=== Exercise aim ===
The lines needed are those from the start of the records through the line holding "Pure White Eucalyptus", each copied exactly.
=== Section Start ===
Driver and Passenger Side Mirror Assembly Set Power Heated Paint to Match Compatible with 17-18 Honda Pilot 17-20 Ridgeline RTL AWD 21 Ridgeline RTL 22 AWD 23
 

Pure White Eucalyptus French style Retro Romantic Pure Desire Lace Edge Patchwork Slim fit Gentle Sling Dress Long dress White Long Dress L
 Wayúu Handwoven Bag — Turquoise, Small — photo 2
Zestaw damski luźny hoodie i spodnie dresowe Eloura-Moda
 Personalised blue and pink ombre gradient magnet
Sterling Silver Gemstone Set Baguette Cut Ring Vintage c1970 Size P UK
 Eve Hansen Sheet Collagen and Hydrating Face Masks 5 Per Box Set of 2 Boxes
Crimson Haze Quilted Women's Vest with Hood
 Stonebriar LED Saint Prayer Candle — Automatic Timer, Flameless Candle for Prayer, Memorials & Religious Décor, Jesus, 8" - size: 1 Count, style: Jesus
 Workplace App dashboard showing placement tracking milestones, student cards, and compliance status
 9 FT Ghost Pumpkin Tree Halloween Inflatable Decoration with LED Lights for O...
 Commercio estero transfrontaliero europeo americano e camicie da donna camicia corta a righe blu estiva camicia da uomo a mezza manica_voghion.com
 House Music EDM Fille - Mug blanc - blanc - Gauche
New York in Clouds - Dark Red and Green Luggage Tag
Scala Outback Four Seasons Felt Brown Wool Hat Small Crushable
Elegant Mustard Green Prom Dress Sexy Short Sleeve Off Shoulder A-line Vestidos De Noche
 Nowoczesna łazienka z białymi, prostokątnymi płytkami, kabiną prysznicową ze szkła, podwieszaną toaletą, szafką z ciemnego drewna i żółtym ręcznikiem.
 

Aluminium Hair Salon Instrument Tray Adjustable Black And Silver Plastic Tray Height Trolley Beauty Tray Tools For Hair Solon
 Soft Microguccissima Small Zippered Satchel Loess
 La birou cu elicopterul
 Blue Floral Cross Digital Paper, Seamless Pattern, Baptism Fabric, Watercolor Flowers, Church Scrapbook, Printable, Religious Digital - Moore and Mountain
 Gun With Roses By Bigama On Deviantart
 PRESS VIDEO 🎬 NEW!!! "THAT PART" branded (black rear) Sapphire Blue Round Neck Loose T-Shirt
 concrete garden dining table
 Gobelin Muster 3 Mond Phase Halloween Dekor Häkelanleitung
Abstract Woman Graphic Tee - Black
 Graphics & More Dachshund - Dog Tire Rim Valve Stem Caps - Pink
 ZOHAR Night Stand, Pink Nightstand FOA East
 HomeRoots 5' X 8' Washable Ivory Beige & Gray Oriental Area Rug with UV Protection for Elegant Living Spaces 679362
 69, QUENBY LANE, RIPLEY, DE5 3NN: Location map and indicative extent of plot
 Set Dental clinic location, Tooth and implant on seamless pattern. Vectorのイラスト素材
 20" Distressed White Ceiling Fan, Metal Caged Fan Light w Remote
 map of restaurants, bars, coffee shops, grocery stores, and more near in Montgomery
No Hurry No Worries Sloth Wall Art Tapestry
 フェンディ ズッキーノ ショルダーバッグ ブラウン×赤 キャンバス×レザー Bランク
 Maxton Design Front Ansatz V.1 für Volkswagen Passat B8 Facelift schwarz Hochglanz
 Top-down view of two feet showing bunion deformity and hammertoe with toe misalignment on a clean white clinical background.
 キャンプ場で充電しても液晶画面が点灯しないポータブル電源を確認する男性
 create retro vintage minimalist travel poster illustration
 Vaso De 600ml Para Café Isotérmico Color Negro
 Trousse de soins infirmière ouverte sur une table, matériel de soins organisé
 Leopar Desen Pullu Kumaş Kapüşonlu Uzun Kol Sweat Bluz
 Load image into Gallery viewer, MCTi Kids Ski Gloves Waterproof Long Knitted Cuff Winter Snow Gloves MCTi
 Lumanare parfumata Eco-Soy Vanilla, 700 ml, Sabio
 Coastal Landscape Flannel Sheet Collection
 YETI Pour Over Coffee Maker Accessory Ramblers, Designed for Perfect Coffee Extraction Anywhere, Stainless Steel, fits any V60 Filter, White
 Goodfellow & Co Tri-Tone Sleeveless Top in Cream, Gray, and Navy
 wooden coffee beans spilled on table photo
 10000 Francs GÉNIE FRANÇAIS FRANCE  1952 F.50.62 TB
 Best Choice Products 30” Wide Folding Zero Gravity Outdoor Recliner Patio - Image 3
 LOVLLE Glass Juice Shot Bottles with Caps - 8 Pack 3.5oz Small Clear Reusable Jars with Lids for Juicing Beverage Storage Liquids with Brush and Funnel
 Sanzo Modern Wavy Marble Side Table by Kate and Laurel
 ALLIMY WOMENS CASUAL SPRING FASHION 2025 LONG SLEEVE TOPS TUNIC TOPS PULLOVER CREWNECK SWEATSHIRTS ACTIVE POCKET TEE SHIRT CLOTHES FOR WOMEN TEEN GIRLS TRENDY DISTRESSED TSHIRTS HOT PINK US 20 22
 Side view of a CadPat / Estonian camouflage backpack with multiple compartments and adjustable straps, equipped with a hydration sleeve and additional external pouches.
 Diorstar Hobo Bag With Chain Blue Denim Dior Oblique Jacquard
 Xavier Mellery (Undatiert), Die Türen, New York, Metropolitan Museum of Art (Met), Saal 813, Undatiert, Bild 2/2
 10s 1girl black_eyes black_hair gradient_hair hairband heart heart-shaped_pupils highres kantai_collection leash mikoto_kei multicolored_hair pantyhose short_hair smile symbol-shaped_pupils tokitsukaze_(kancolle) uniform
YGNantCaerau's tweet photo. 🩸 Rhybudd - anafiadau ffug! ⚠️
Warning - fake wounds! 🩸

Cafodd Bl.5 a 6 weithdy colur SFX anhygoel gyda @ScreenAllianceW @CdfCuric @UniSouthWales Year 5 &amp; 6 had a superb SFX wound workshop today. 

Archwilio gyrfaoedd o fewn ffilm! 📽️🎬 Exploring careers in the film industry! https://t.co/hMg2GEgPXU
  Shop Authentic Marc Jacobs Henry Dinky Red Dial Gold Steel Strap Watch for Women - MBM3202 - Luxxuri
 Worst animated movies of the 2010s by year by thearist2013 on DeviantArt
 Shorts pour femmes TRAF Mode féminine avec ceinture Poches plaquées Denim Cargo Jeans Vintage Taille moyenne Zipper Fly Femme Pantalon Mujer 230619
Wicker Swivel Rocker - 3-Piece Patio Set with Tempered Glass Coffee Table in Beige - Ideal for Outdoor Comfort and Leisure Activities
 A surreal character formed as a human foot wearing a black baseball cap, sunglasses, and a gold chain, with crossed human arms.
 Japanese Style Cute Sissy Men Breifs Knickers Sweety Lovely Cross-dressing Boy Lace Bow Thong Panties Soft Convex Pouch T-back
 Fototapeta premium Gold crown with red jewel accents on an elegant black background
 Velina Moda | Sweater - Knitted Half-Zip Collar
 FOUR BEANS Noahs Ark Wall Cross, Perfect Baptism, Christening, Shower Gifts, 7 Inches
=== Section End ===
=== Result of the exercise ===
Driver and Passenger Side Mirror Assembly Set Power Heated Paint to Match Compatible with 17-18 Honda Pilot 17-20 Ridgeline RTL AWD 21 Ridgeline RTL 22 AWD 23
 

Pure White Eucalyptus French style Retro Romantic Pure Desire Lace Edge Patchwork Slim fit Gentle Sling Dress Long dress White Long Dress L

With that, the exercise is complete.